Our trip to Chile actually began in Arequipa, Peru. Chile is a very long, thin country and we wanted to start at the top and finish at the bottom, so, we began in southern Peru. Southern Peru and northern Chile are both very dry desert, in some places having no recorded rainfall! Beginning at the edge of the Pacific Ocean and going on up into the high plains of the Andes is an incredibly vast and desolate desert wilderness. Occasional cities and small enclaves break it up, but you have to wonder how people manage to survive here.
On February 1st we crossed into Chile and stopped at the first city on the northern coast, Arica. We were there for 5-6 day relaxing and visiting sites before we moved on. When we visited the Altiplano (high plains) in Peru, there was 3-4 inches of snow across the plains. Our guide and driver were so excited they had a snowball fight. They said they had only seen snow there on the plains once before. Then into Chile it was hot and dry.
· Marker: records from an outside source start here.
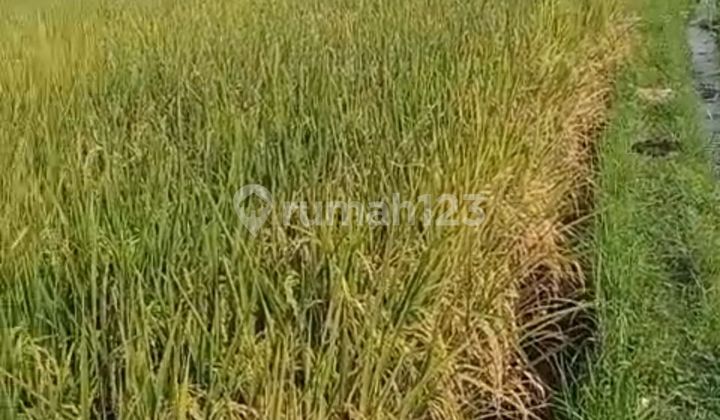 LAHAN SAWAH DI BANJARAN 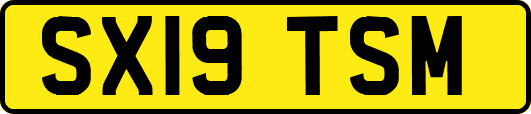 SX19TSM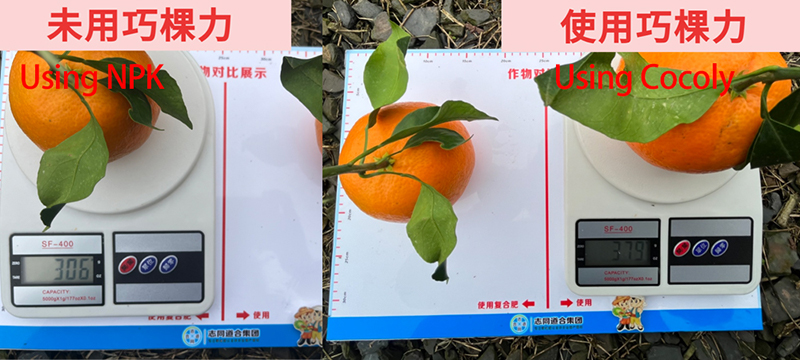 正确22d.jpg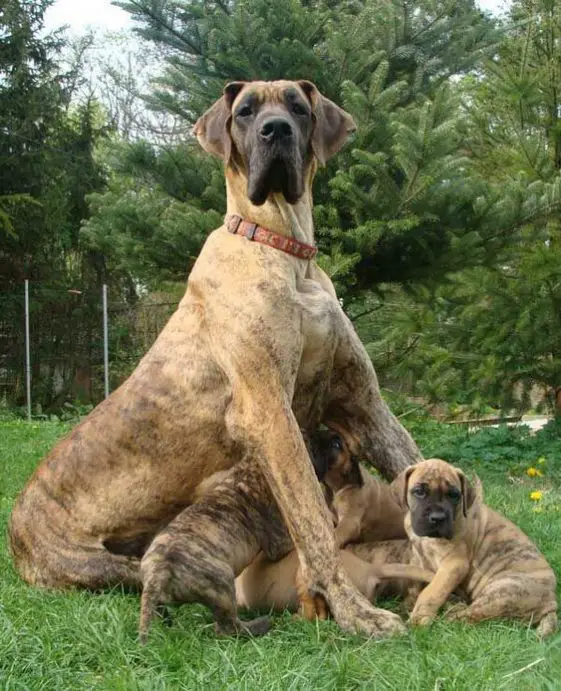 29 Amazing Pictures Of Brindle Great Danes | Page 2 Of 6 | The Paws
Next stop was the town of San Pedro de Atacama, an oasis in the Atacama Desert; the driest desert in the world. Parts of the Atacama do get some rain this time of year, but there are also vast areas with no-ever recorded rainfall. This year, being another extreme, there was raining and flooding in the towns of the Atacama. Even though it was summer in South America, it was winter, or the rainy season, in the Andes. Locals call it the Bolivian Winter. This year was a particularly heavy rain/snow year, and it caused major flash flooding in the towns. The few towns there are have developed along the rivers that flow from the Andes. Year round these rivers are dry or have very little water, and towns developed as close to the little bit of water as possible. There is so little rain here that nothing (people nor nature) is equipped to handle it; many of the buildings are adobe brick and thatch roof. The soil does not absorb any of the water; even just a few inches can cause major damage. Then you have a once in 20 years bad year like this one and homes, roads, and bridges all get washed away. They average 28mm (1in)/year. They have had three times that in the last couple of weeks before our visit. It was very tragic and many people lost their homes and crops.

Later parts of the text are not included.